MonoSOWA: Scalable Monocular 3D Object Detector Without Human Annotations¶

Conference: ICCV2025 arXiv: 2501.09481 Code: github.com/jskvrna/MonoSOWA Area: Autonomous Driving Keywords: Monocular 3D Detection, Weak Supervision, Auto-Labeling, Pseudo-LiDAR, Annotation-Free

TL;DR¶

This paper proposes the first monocular 3D object detection method that requires no human annotations of any kind (neither 2D nor 3D). A novel Local Object Motion Model (LOMM) is introduced to disentangle inter-frame motion sources, enabling auto-labeling at a speed ~700× faster than prior work. A Canonical Object Space (COS) is further proposed to enable multi-dataset training across heterogeneous camera configurations.

Background & Motivation¶

Monocular 3D object detection is a critical component in autonomous driving; conventional methods depend on LiDAR sensors and extensive manual 3D annotations.
The annotation process is extremely time-consuming and expensive, limiting training data diversity; any change in camera setup necessitates re-collection and re-annotation.
Existing weakly supervised methods still require 2D instance masks (e.g., WeakMono3D, VSRD) or LiDAR data (e.g., WeakM3D, Autolabels).
VSRD requires ~15 minutes per frame for annotation; annotating Waymo's 158K frames would take approximately 4 years, rendering it practically unscalable.
Both WeakMono3D and VSRD fail to handle moving objects—they either discard them or assign low confidence, wasting a large amount of training signal.
Goal: Completely eliminate dependence on human annotations and LiDAR, so that data from commodity vehicles equipped only with monocular cameras can be directly exploited.

Method¶

Overall Architecture¶

The method requires only: image sequences + ego-motion data (GPS/IMU) + known camera intrinsics and extrinsics. No human annotations are needed, not even 2D labels.

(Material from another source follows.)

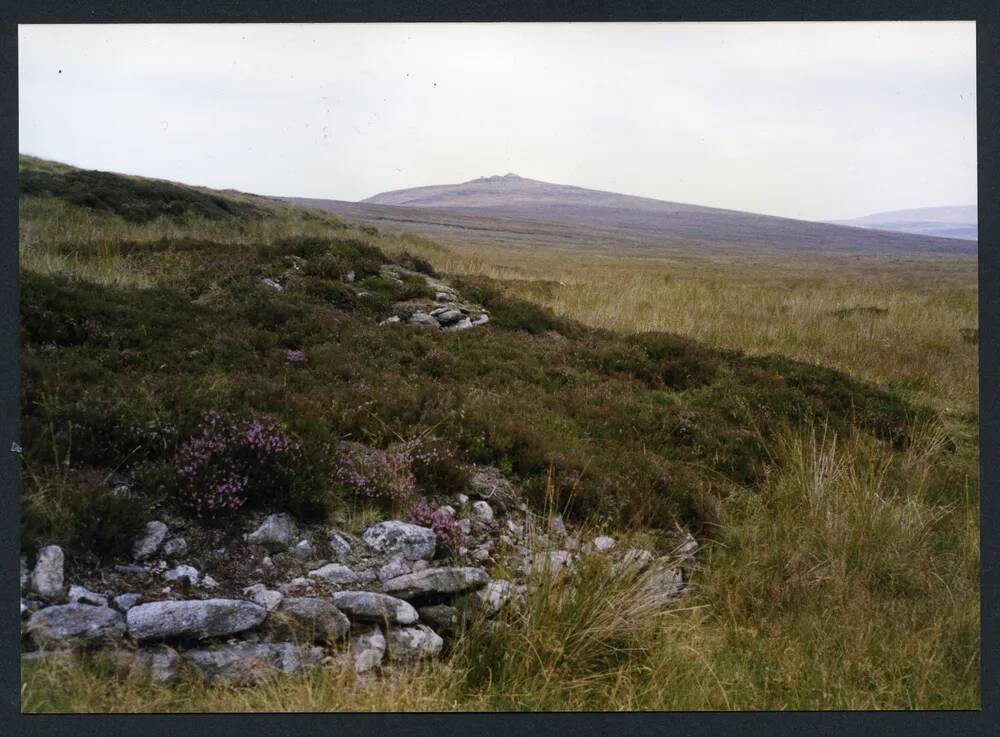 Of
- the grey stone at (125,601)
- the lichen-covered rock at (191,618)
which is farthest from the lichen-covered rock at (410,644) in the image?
the grey stone at (125,601)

Two off-the-shelf pretrained models are used: 1. 2D Object Detector: MViT2-Huge (Detectron2 framework, COCO pretrained) — provides instance segmentation masks. 2. Monocular Depth Estimator: Metric3D v2 — selected for its best zero-shot metric depth generalization.

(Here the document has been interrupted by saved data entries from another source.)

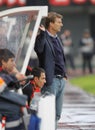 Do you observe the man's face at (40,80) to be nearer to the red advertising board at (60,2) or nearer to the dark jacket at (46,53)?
the dark jacket at (46,53)

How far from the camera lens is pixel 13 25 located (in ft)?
31.9

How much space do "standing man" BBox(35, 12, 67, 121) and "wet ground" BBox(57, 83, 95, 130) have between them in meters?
2.20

The auto-labeling pipeline decomposes the 7-DOF 3D bounding box estimation problem into three sequential sub-problems: orientation, position, and dimensions, avoiding the difficulty of direct joint optimization.

Step 1: Pseudo-LiDAR Aggregation¶

Metric depth maps are inferred per frame and back-projected into 3D point clouds.
Instance segmentation masks from the 2D detector are used to extract per-object point clouds \(P_{i,j}\).
Object tracking is performed in 3D world coordinates:
- The median of the object point cloud approximates spatial position.
- A physics-based motion model predicts the position in the next frame.
- Nearest-neighbor matching with a distance threshold is applied.
Multi-frame point clouds are transformed into a reference frame coordinate system using ego-motion data.

Step 2: Local Object Motion Model (LOMM)¶

This is the core contribution of the paper, addressing a key challenge: since the ego-vehicle is also moving, all objects undergo relative displacement between frames. The question is how to identify which objects are truly in motion.

Core Idea: Decouple inter-frame object position changes into two sources — ego-vehicle motion and object self-motion.
Classification: For each object instance, compute the frame-wise position difference sequence \(\Delta_{i,j} = L_{i,j} - L_{i-1,j}\):
- Mean \(\mu_j = \frac{1}{l-k} \sum \Delta_{i,j}\), standard deviation \(\sigma_j\) (normalized by \(\sqrt{2}\)).
- Ratio \(z_j = \|\mu_j\|_2 / \|\sigma_j\|_2\).
- Stationary objects: displacement variation stems from pseudo-LiDAR noise jitter (akin to a random walk), so \(\|\mu\|_2 \ll \|\sigma\|_2\).
- Moving objects: persistent directional motion yields \(\|\mu\|_2 \gg \|\sigma\|_2\).
- Decision criterion: \(z > T_z = 0.2\) and net displacement \(> T_m = 5\text{m}\).
For stationary objects: All frames' point clouds are directly aggregated as \(A_j = \{P_{i,j}\}\) (after transformation to the reference frame), yielding a denser representation with recovery from occlusion.
For moving objects: The known trajectory is leveraged to directly compute orientation from physical constraints (vehicles travel in the direction of motion).
In contrast to prior methods (WeakMono3D, VSRD) that discard or downweight moving objects, LOMM exploits information from both stationary and moving objects simultaneously.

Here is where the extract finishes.